I did indeed have this done as a skin. I used this for the back (b/c Tego is WAY behind the curve on the whole back of the kindle thing. They have a two-panel jobby so you can cover up the access panel.), and it looks quite nice. If I can find my camera and all the associated stuff, I'll post a picture. For the front, I just got a blue skin with i think butterflies on it. Even though they are slightly more expensive and take longer to arrive, this is why I prefer mytego to decal girl. Gotta love that full-back cover.


----------



## crebel (Jan 15, 2009)

robin.goodfellow said:


> Even though they are slightly more expensive and take longer to arrive, this is why I prefer mytego to decal girl. Gotta love that full-back cover.

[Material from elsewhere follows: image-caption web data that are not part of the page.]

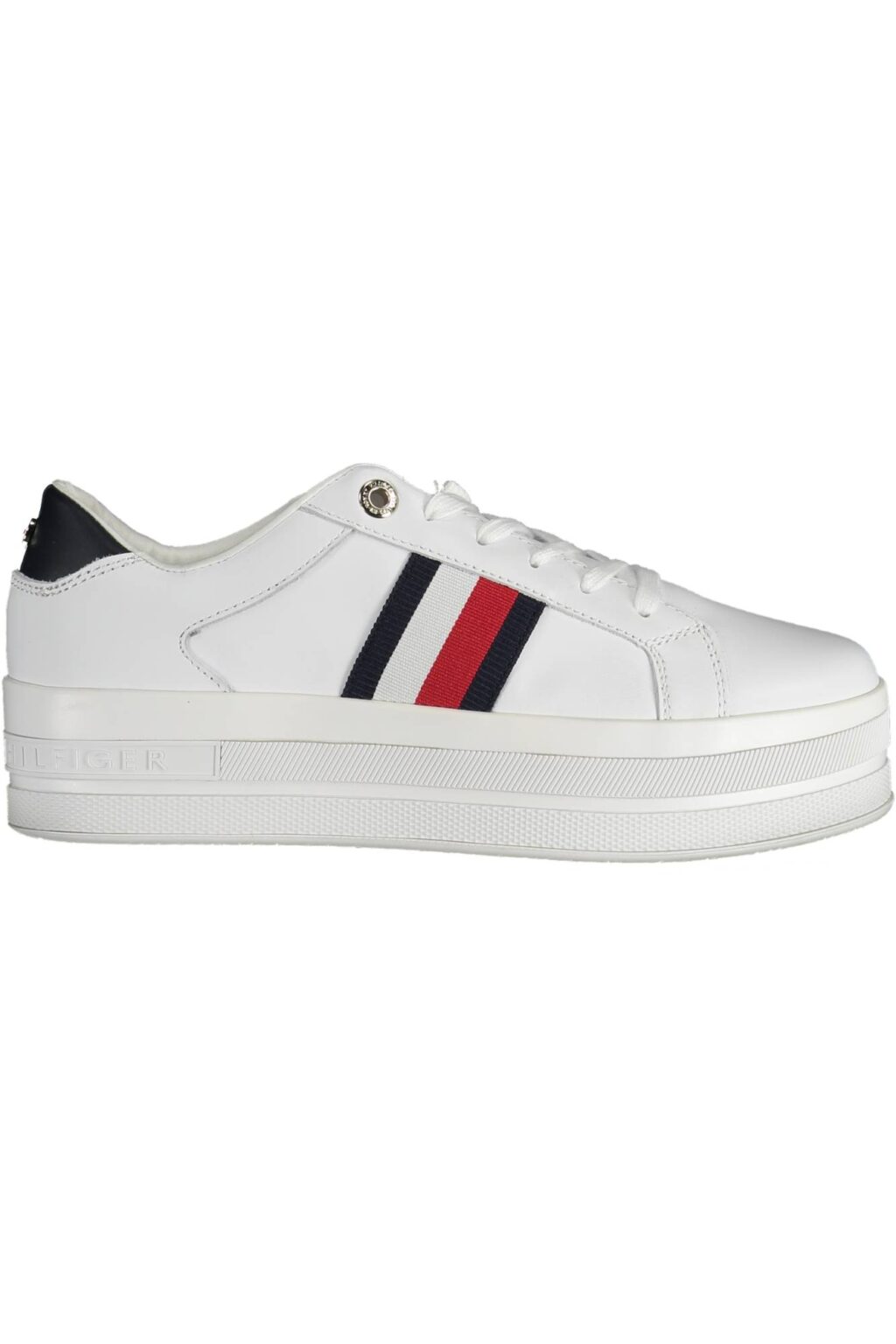 tommyhilfigercalzaturasportivadonnabianco_1 TOMMY HILFIGER BALTI MOTERIŠKI SPORTINIAI BATELIAI
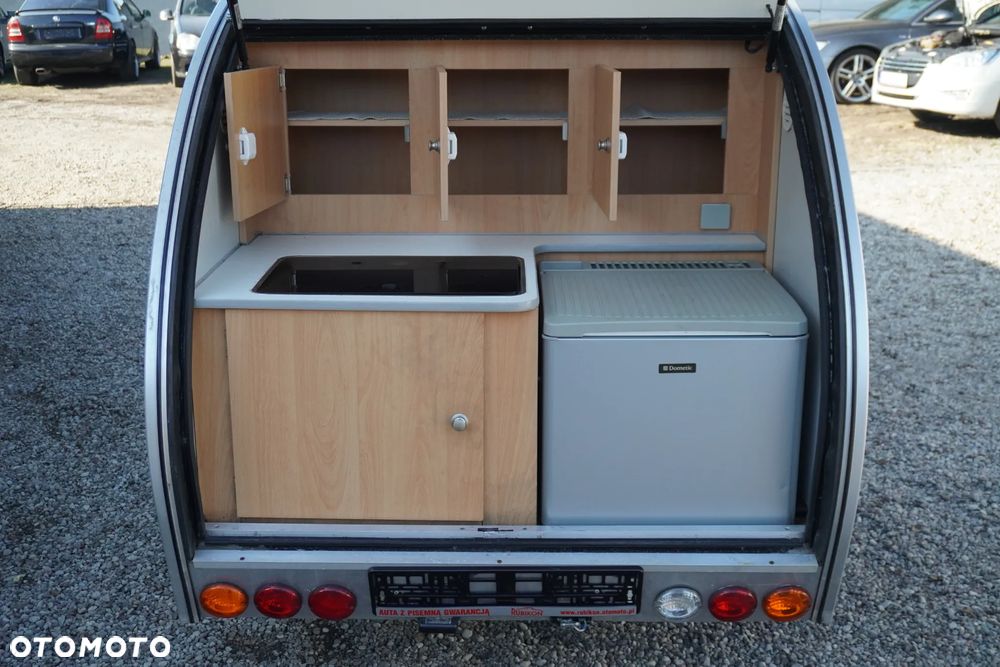 Inny GOBANNA 1200 - 8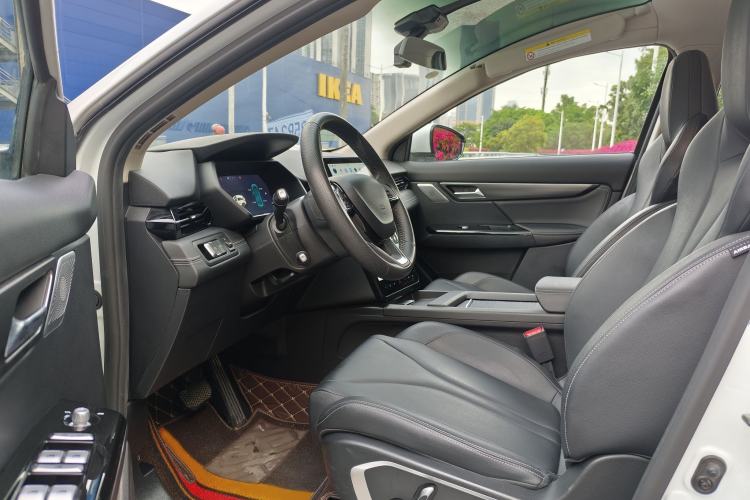 Used XPeng G3 2022 G3i 460G+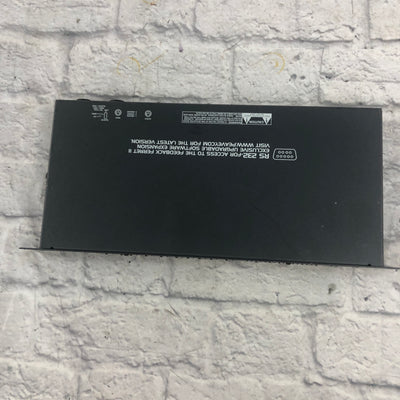 Peavey  Feedback Ferret II Feedback Eliminator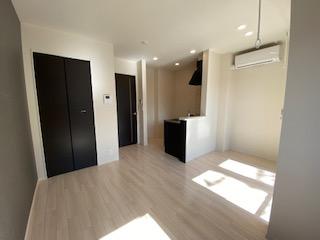 3/25 リビング/ダイニング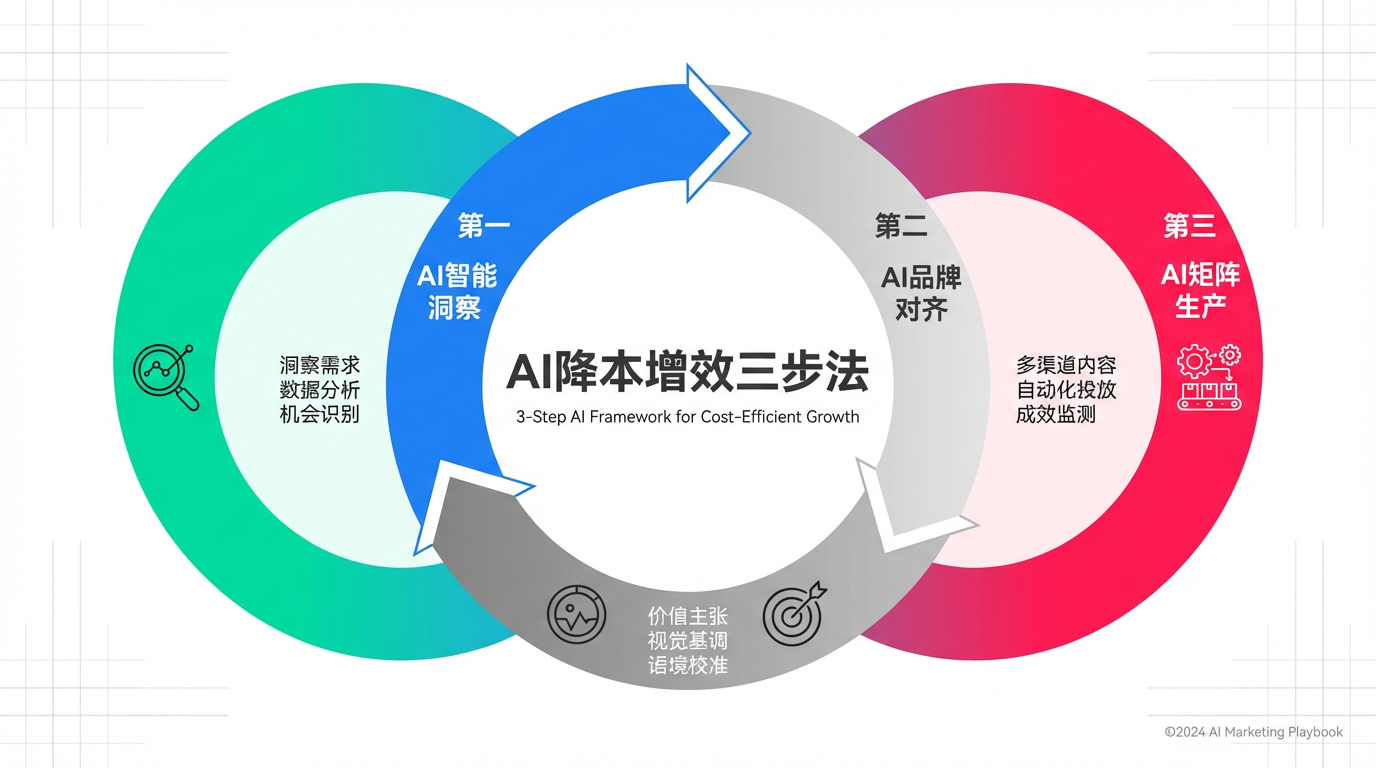 晋宁县企业必看：不用扩招招人，AI就能帮门店降本增收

I agree, I changed my Avatar to the Tree of Life picture I used for Radar's skin. Now if it would just get here - I ordered it on 1/31 and they charged my debit over a week ago so I thought that's when it would have been mailed, but it hasn't arrived yet. I like having the back covered even though he is rarely out of his Forest cover now. I also wish I had gotten the Forest w/velcro so none of the skin would be covered and am trying to decide whether I am brave enough to remove the corners and do velcro myself. The fun of Tego is having unlimited possibilities for skins for only about $10 more!


----------



## Panjo (Dec 21, 2008)

Here's what mine looks like. I can't find the memory card for my real camera so i took these with my phone. The color is way off, but you get an idea of what the back looks like:


----------



## BurBunny (Feb 14, 2009)

Has anyone heard anything about Tego and K2 skins?  I'm presuming they'll do one, but haven't seen any confirmation.

I have an idea of the design I want to use, but will need to tweak it to fit the new front panel to its best advantage.  Since that's changing quite a bit, don't want to start the editing work until the template is released.


----------



## crebel (Jan 15, 2009)

I am guessing that they, like Oberon, have to wait until they have a K2 in hand.  Have you tried to e-mail them and ask (I haven't)?  I hope they do, so I can order something Marine Corps for my husband when his kindle gets here!


----------



## BurBunny (Feb 14, 2009)

crebel said:


> I am guessing that they, like Oberon, have to wait until they have a K2 in hand. Have you tried to e-mail them and ask (I haven't)? I hope they do, so I can order something Marine Corps for my husband when his kindle gets here!


Yes, I did submit a device request through their system, but only got a form response in return.


----------



## crebel (Jan 15, 2009)

This response is in their FAQ, so they must be able to make one!

"Q How can I personalize it with my own custom images and designs? What if I can't find my device?

Any image or design that you would like can be put onto your Tego Custom Skin. Photos of you or your friends, or your favorite band, your favourite stuff - whatever YOU want. You can upload your favorite photograph, or use our online catalog of images, including the NHL. Even add text and your own favorite slogans. You rule your design. Remember, you completely design it yourself! It becomes your own style and personality! Each Tego SKin is manufactured specificlaly for you, with your design on it - we don't make any changes to your design. If you can't find your device, let us know! We can still make a TEGO for you, we just need to know what you have. Just follow this link describing the type of device, manufacturer and model. We can usually add a new product in a short time of receiving your request."


----------



## BurBunny (Feb 14, 2009)

That link referenced is what I followed to submit my request.  I sure hope they do!


----------